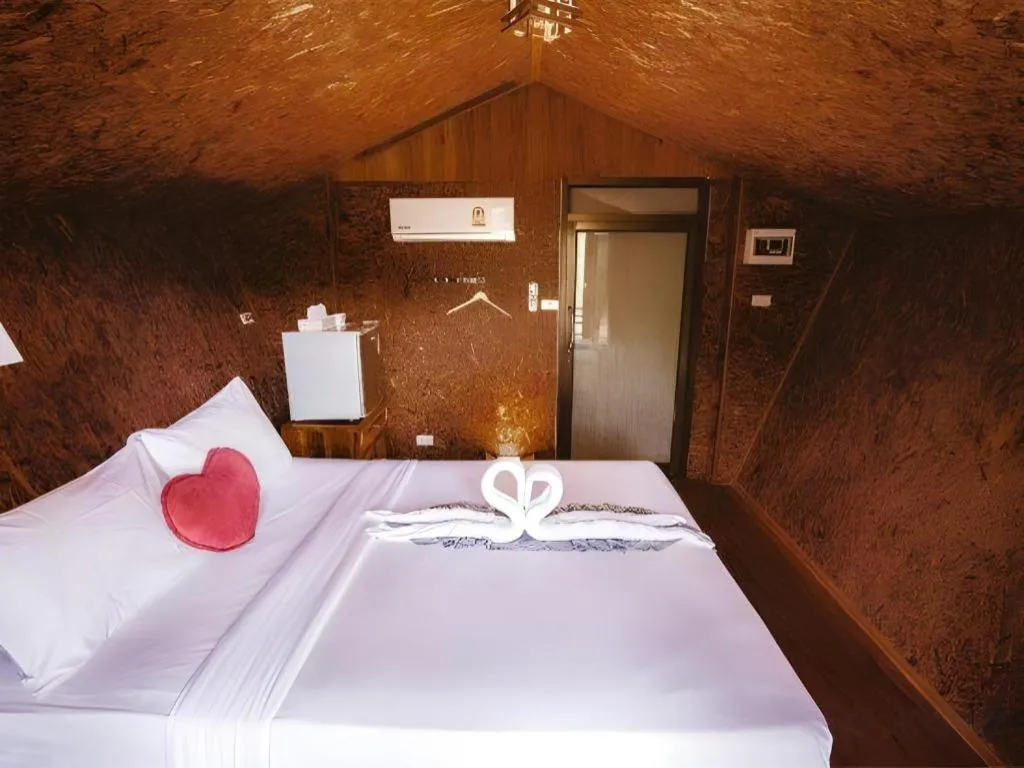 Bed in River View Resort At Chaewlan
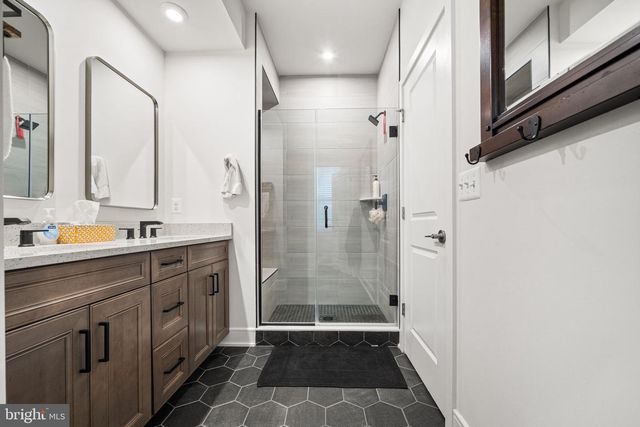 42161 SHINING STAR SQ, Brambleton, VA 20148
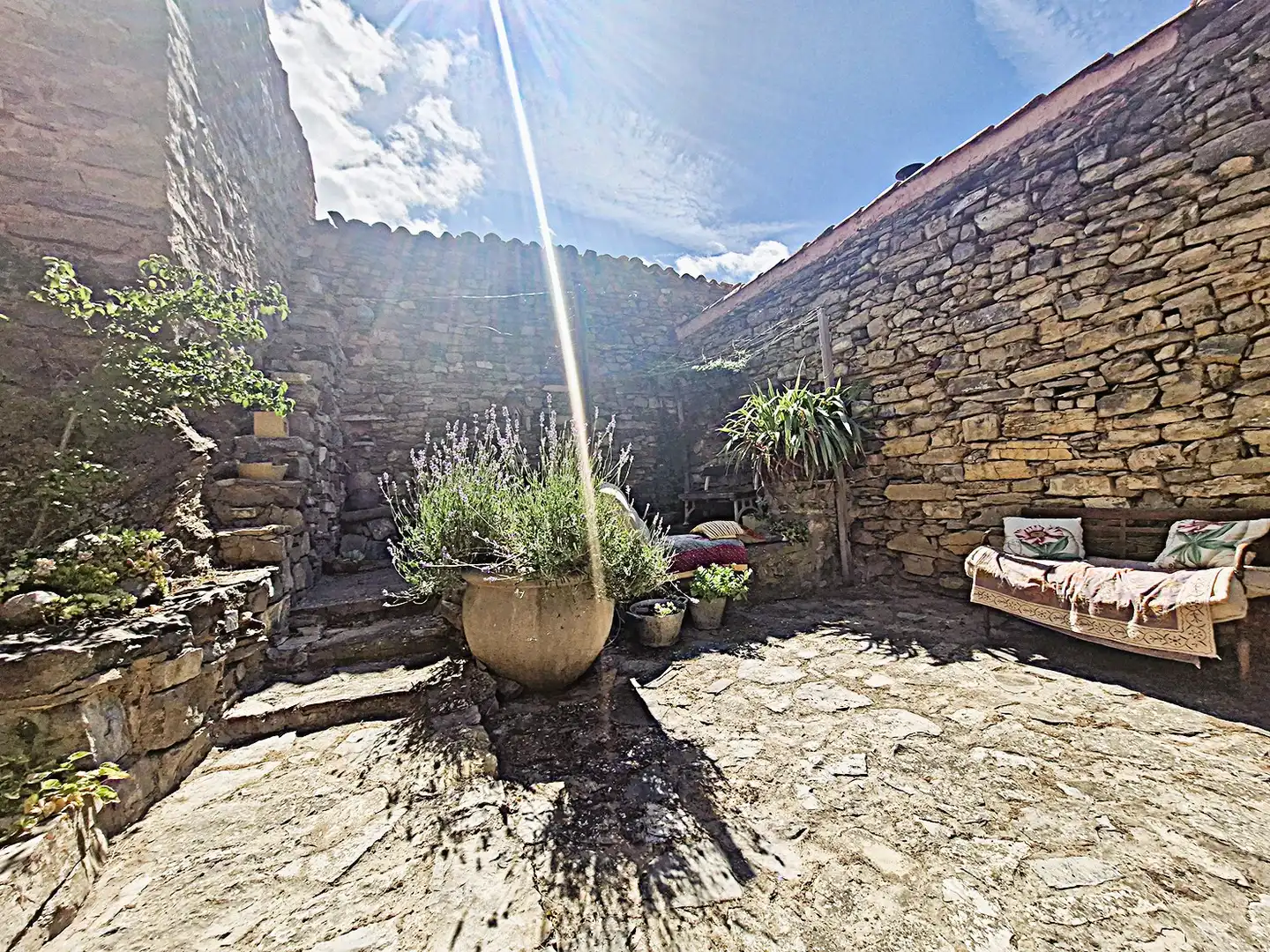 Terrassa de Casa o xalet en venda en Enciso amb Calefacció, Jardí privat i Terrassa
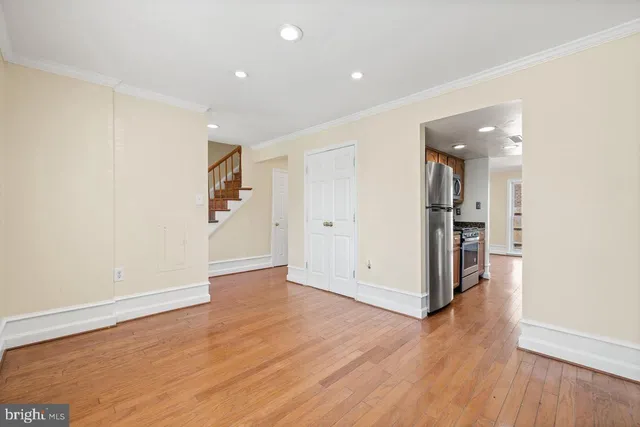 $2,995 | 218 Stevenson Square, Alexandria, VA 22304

## Problem requirements
Could you write out every line above exactly as it stands, with no images?

## Exercise response
 Bed in River View Resort At Chaewlan
 42161 SHINING STAR SQ, Brambleton, VA 20148
 Terrassa de Casa o xalet en venda en Enciso amb Calefacció, Jardí privat i Terrassa
 $2,995 | 218 Stevenson Square, Alexandria, VA 22304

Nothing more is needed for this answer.